| > It's not going to look as clean. Is that what you mean? Nope. I don't give a shit how "clean" something looks, [0] I just care how difficult it is to learn and either retain or remind yourself of the syntax when you need to do something complex with it. In that regard, [1] systemd-crond's scheduler syntax is at least as complicated as that of most crons'. > You don't have to count fields to figure out whether you're dealing with a day vs a month, or an hour vs minute, no matter how the fields are aligned or how long or complex they are. You can scan left and right and look for space and dash and colon to figure out where you are. So, you have to learn a tool-specific format. Just like you do for crontab. I've read both man pages, and I'm 100% unconvinced that systemd-crond's scheduler syntax is actually simpler. I do agree that it can express specific schedules that one cannot in the syntaxes used by most cron implementations. > Very little follows from cron's format. You have to learn which fields are which for your particular implementation: Sure. And I expect that exactly nothing other than systemd-crond uses its weirdo syntax. And -as I mentioned in the comment you're replying to- Nah. It's just there are a very large number of cron implementations. If The Systemd Project were actually a thing that people could make an independent reimplementation of, we'd see at least as much inconsistency in 'systemd-cron' scheduling syntax as people extended it in their reimplementations to meet their needs.

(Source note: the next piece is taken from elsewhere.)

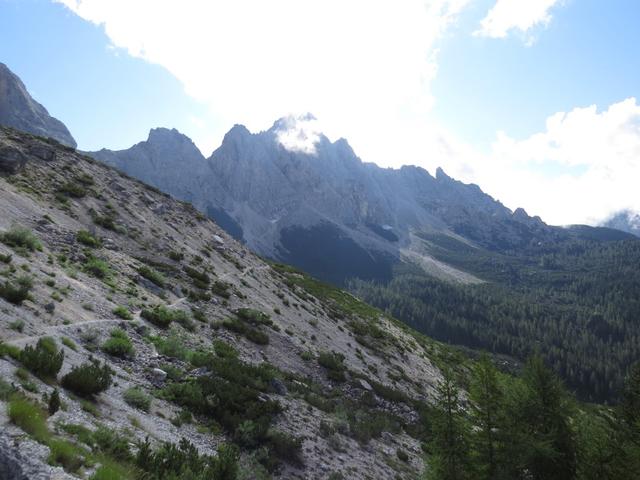 Blick auf unseren weitern Wegverlauf und auf die Tamer Gruppe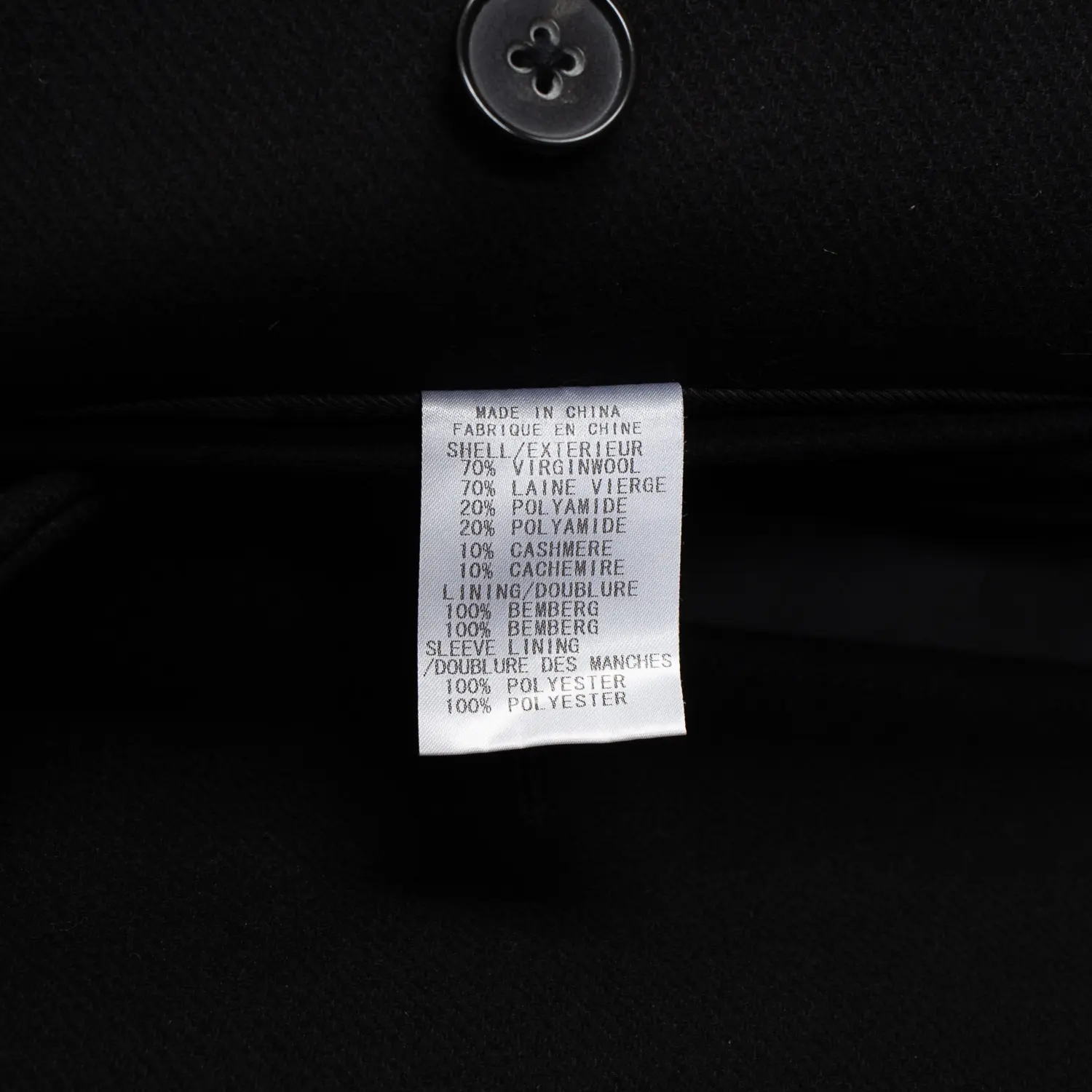 e28942fd-48da-5e53-a2ea-58eb16cc2cd7.jpg.webp Theory Coat Size L Men Dark Navy Wool Cashmere Blend Frank Apollo Peacoat - Image 1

> But no, cron logic is that day and weekday are ORed. It lets you do clever things like run a script on the 1st and 15th of every month, AND on mondays, all in one line. I don't think I've ever seen such a thing in the wild. I'd go so far as to say it's stupid...On this I agree with you. Changing the rules for the Day Of The Week column (but only when it's used in combination with the day of the month column) is catastrophically idiotic. The only time I've ever had need to use the DoW column was to schedule something to run weekly... so I've been blissfully unaware of how incredibly idiotic that behavior is. [0] If anything, I've noticed a strong inverse correlation between how "clean" a syntax is regarded to be and how easy it is to both do complicated things with it, and come back to those complicated pieces of work six+ months later and be able to understand what the hell you did. [1] With the notable exception of cron's DoW column.... read on for further discussion. |
Nobody is all that happy with cron's limitations. That's why there are so many variants, with varying features. When a variant has more than 5 fields, the syntax becomes ambiguous... not to a parser, but to whoever's reading and writing the lines, unless they already know the exact cron variant in use. Google, the one large cloud provider that seems to have stuck with basic cron syntax without quartz-scheduler extras, even invented their own pseudo-natural-language scheduling syntax to fill in for features cron lacks, or for people who don't like cron syntax.
Systemd's is definitely novel, but as I keep repeating, it's ISO8601 + cron. An alternative would be some extension to ISO8601 interval syntax, but that looks clunky and has probably never been used outside of niche applications for data interchange, probably inside xml files; it's used in https://docs.cibseven.org/manual/2.0/reference/bpmn20/events... (syntax at https://en.wikipedia.org/wiki/ISO_8601#Durations ). I think systemd's syntax is better than that.
The direct benefits, even if cron syntax suffices: Calendar timers are integrated with systemd, with all its process-management capabilities[1]. Unifying to systemd timers also avoids duplication of functionality ("is this scheduled process managed by systemd or cron?"). Cron doesn't let you `systemctl list-timers --all`. You'd have to grep through cron logs, possibly (and ironically) using journalctl, or have those logs already in a management dashboard, and that still doesn't let you see the next time the timer would fire. Cron also doesn't let you beta-test cron lines like you can with `systemd-analyze calendar --iterations 10 "Fri *~8..14/1"`
There's even a systemd-cron translator/generator that's in the official debian/ubuntu repos, and in Arch's AUR of course, which avoids the need for system cron but allows you to retain existing crontabs by importing them as systemd timers. They won't be quite as well integrated because it uses defaults for task names and other parameters, but the crontabs get run... without cron.